A second sub-loss determination sub-module for determining, for each of the at least one track pair, a second sub-loss value based on an evaluation value of each second candidate track of the track pair and a label associated with the track pair; wherein the tag characterizes a relationship between two evaluation values corresponding to two second candidate trajectories in the pair of trajectories;

A second loss determination submodule configured to determine a second loss value based on the at least one track pair respective second sub-loss values; and

And the training sub-module is used for training the evaluation model according to the second loss value.

22. The apparatus of claim 21, wherein the training module further comprises:

The pre-training model determining submodule is used for taking at least part of network layers in the automatic driving model of the historical version as a pre-training model; and

And the adding sub-module is used for adding a linear layer at the output end of the pre-training model to obtain the evaluation model to be trained.

23. The apparatus of claim 21, wherein at least one tag associated with the at least one track pair is determined from ranking information of the plurality of second candidate tracks.

24. The apparatus of claim 15, wherein the first sensing data comprises at least one of image data and point cloud data.

25. An apparatus for determining a vehicle travel path, comprising:

the second input module is used for inputting third sensing data into the automatic driving model to obtain a plurality of third candidate tracks; the third sensing data represents environmental information of the environment where the vehicle is located;

a second evaluation value determining module, configured to determine evaluation values of each of the plurality of third candidate tracks according to the third sensing data and the plurality of third candidate tracks; and

The target track determining module is used for determining a target running track from the plurality of third candidate tracks according to the evaluation values of the plurality of third candidate tracks;

wherein the autopilot model is trained using the apparatus of any one of claims 15 to 24.

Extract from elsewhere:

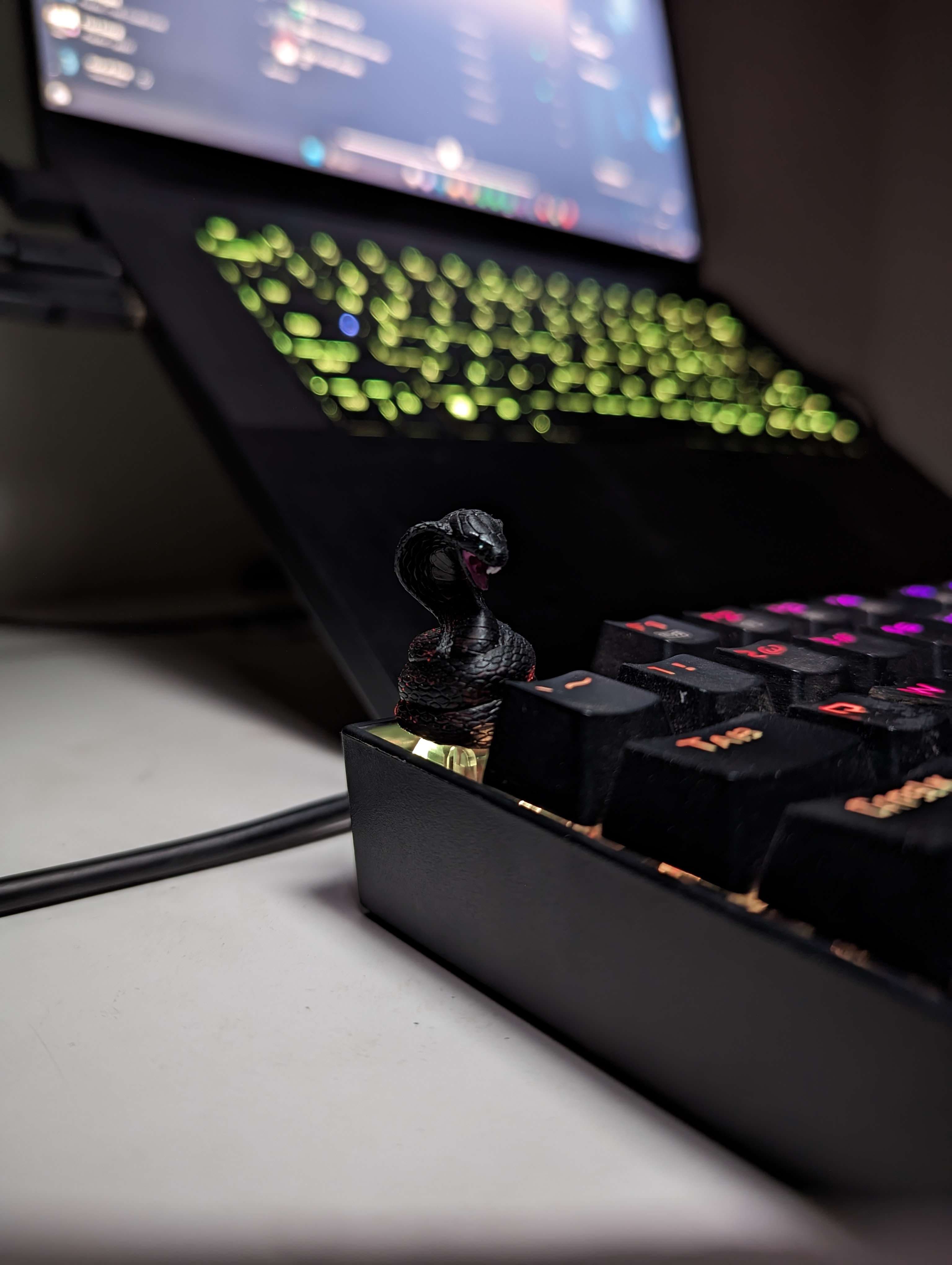 Cobra Artisan Keycap - Gallery image 2 showing project details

26. The apparatus of claim 25, wherein the second evaluation value determination module comprises:

And the third input sub-module is used for inputting the third sensing data and the plurality of third candidate tracks into the trained evaluation model to obtain respective evaluation values of the plurality of third candidate tracks.

27. An electronic device, comprising:

at least one processor; and

A memory communicatively coupled to the at least one processor; wherein,

The memory stores instructions executable by the at least one processor to enable the at least one processor to perform the method of any one of claims 1 to 11.

28. An electronic device, comprising:

at least one processor; and

A memory communicatively coupled to the at least one processor; wherein,

The memory stores instructions executable by the at least one processor to enable the at least one processor to perform the method of any one of claims 12 to 13.

29. A non-transitory computer readable storage medium storing computer instructions for causing the computer to perform the method of any one of claims 1 to 13.

30. A computer program product comprising a computer program which, when executed by a processor, implements the method according to any one of claims 1 to 13.

31. An autonomous vehicle comprising the electronic device of claim 28.